Some protocols offer JSON-RPC requests that allow querying either transaction status or state, but separately. A data process that is triggered by an Ethereum Log event might greatly benefit from checking if the parent contract of the call which produced the given log event is mine, or another one I know and trust.

Without easy access to this kind of data, developers inevitably work around the issue by emitting more events, increasing gas costs, only to circumvent the fact that enriched data is not readily available. Availability of such data even has effects on contract design, as a contract designer needs to think about how the stored data will be queried and consumed, often by his own application.

Richer external data processes allow devs to simplify contracts, and lower on-chain operation costs.


Modeling With Extreme Care

The data model we use to ingest protocol data was modeled with extreme care. We discovered peculiarities of several protocols the hard way.

Some subtle interpretations of bits of data produced by a blockchain (e.g.: the meaning of a reverted call within the call stack of an Ethereum transaction) are such that, if enough information is not surfaced from the source, it can be impossible to interpret the data downstream.
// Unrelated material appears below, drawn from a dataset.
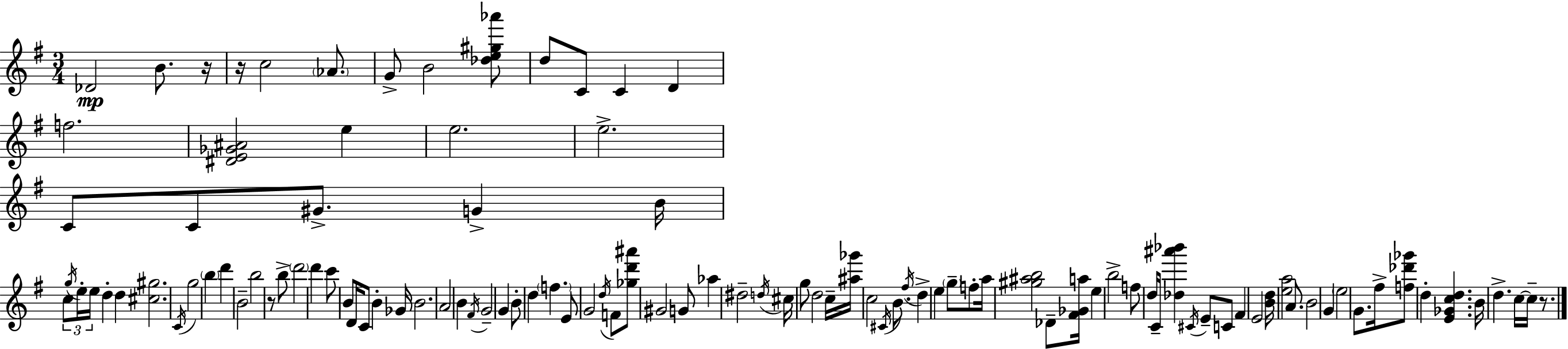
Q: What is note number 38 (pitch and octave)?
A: C4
It is only when the model definitions (protobuf schemas) are complete and leave no bit of data in a node that we know that we can serve all needs: that no other solution is needed.

Conceptually, the data extracted from a node should be so complete that one could write a program that takes that data, and rebuilds a full archive node out of it, and is able to boot it.


Use Files and Streams of Pure Data

As opposed to requests/responses model, we’ve chosen to use flat-files and data streams, to alleviate the challenges of querying pools of (often load-balanced) nodes in a master-to-master replication configuration.

This avoids massive consistency issues, their retries, the incurred latency, and greatly simplifies the consuming code.

Additionally, by adopting the flat-file and data stream abstractions we adhere to the Unix philosophy of writing programs that do one thing, do it well, and work together with other programs by handling streams of data as input and output.


State Transition Hiearchy

We use state transitions scoped to a call, indexed within a transaction, indexed within a block.

Most blockchains “round up” state changes for all transactions into a block to facilitate consensus. But the basic unit of execution remains a single smart contract execution (a single EVM call alone, where calling another contract means a second execution).

Precision in state is therefore lost for what happens mid-block, i.e. when the state of a contract changes in the middle of a transaction, in the middle of a block. If you want to know the balance at the exact point because it’s required for some calculations (when you’re processing a log event for instance), you’re out of luck, because the node will provide the response that is true at the end of that block. It’s thus impossible to know if there are other transactions after the one you are indexing that mutated the same state again. Querying a node will potentially throw you off, sometimes egregiously so.

Not all chains make consuming the actual state easy. For example, Solidity makes such an endeavor rather opaque, in the form of a bytes32 => bytes32 mapping, although there are ways to decode it. However, making that state usable creates tremendous opportunities for indexing.

Regarding versioning, compatibility and speed of file content, we found Google’s Protocol Buffers version 3 to meet these last requirements, while striving for simplicity (e.g. as attested by their removal of optional/required fields in version 3).